To help us provide you with free impartial advice, we may earn a commission if you buy through links on our site. Learn more

Facebook to start “fixing” your photos

New auto-enhance tools will fix your smartphone snaps before they're added to your timeline

Facebook will begin automatically “enhancing” photos taken on mobiles, in a bid to rid the world of dimly lit smartphone snaps. The new auto-enhance feature has already been introduced for iOS devices and will soon arrive on Android, according to a report on TechCrunch.  

The auto-enhance tool is designed to make it easier for people to quickly post smartphone photos to their Facebook timeline, saving users from faffing around with editing tools, which most people won’t use anyway. A slider will allow users to tweak with the brightness, shadows and clarity of a photo, in case the Facebook algorithm gets it wrong.

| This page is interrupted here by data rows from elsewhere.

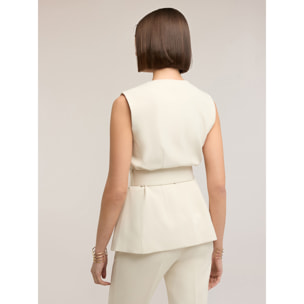 Motivi - Gilet monopetto con bottoni metallici e cintura - Beige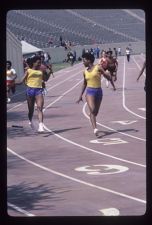 Members of the women's track team running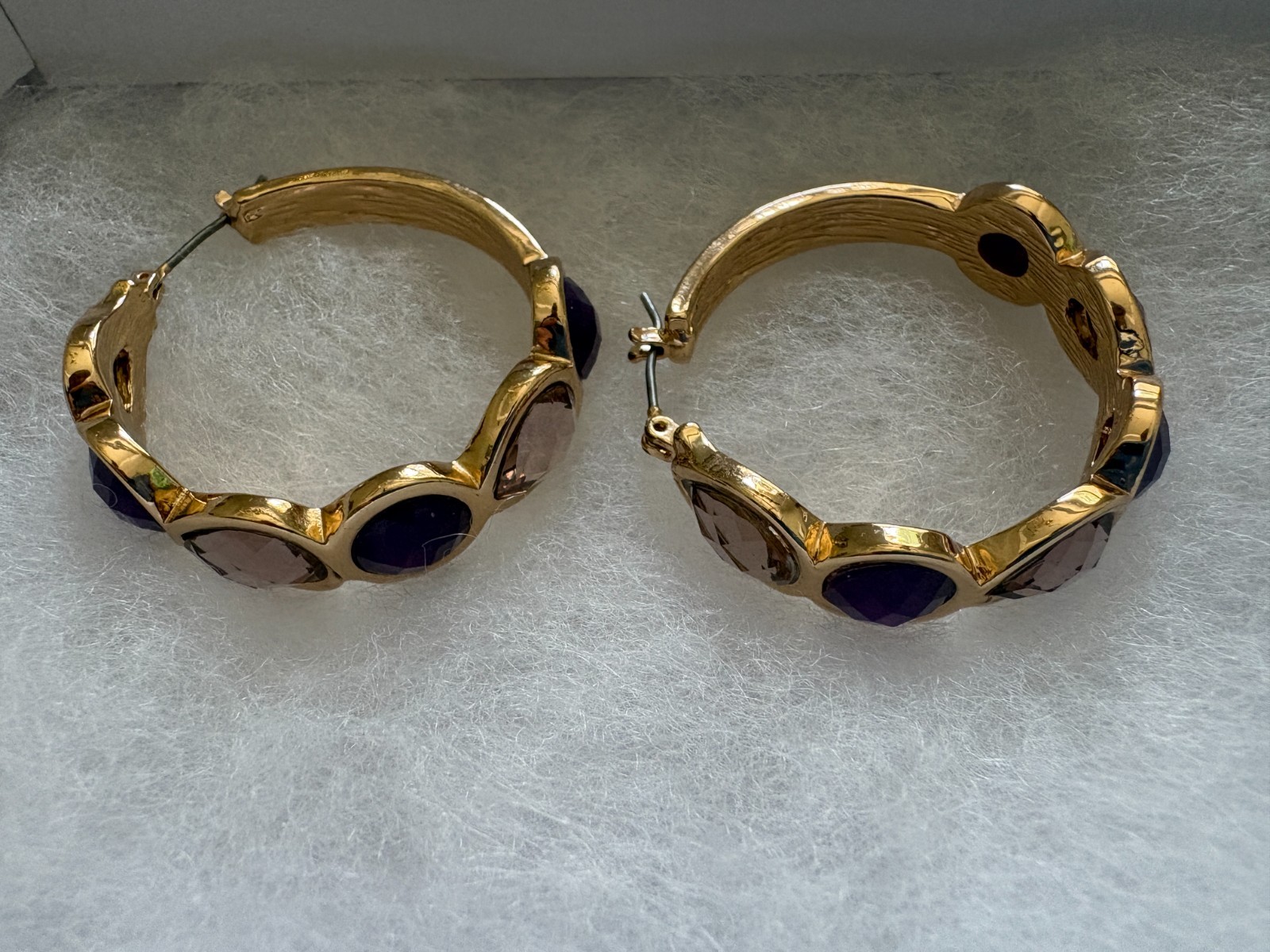 Gold Tone Pierced Hoop Earrings with Purple and Clear Stones 4″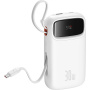 Powerbanka Baseus Qpow2 s integrovanými kabely USB-C a portami USB-C / USB-A - 20 000 mAh - biała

Fed up with smartphone snaps? Read our latest camera reviews here

Facebook isn’t the first service to offer auto-enhanced photos. Google has offered a similar feature via its Google+ app for some time. The Google+ app uploads a copy of users’ photos to the cloud and then applies enhancements, putting an icon on photos that it has fiddled with. The results are erratic, however, giving Facebook more than a little room for improvement.  

Photos are a key battleground for the social networks, not least Facebook. It paid $1 billion for photo-sharing app Instagram in 2012, and may even have acquired the auto-enhance technology as part of that deal. Instagram this week added another five filters to its app, which remains independent of the main Facebook app. 

Twitter revamped its photo filters earlier this month, offering different options in an Instagram-like strip along the foot of the screen and allowing users to control the strength of each filter. Google+ continues to add new editing tools to its service, now offering selective adjustments that allow users to, say, boost the brightness in only a small section of the photo. That feature has been borrowed from Snapseed, which Google acquired in 2012.

The social networks’ photo facilities have stolen the thunder of dedicated sites such as Flickr, which has long since faded as the default place to share digital photos.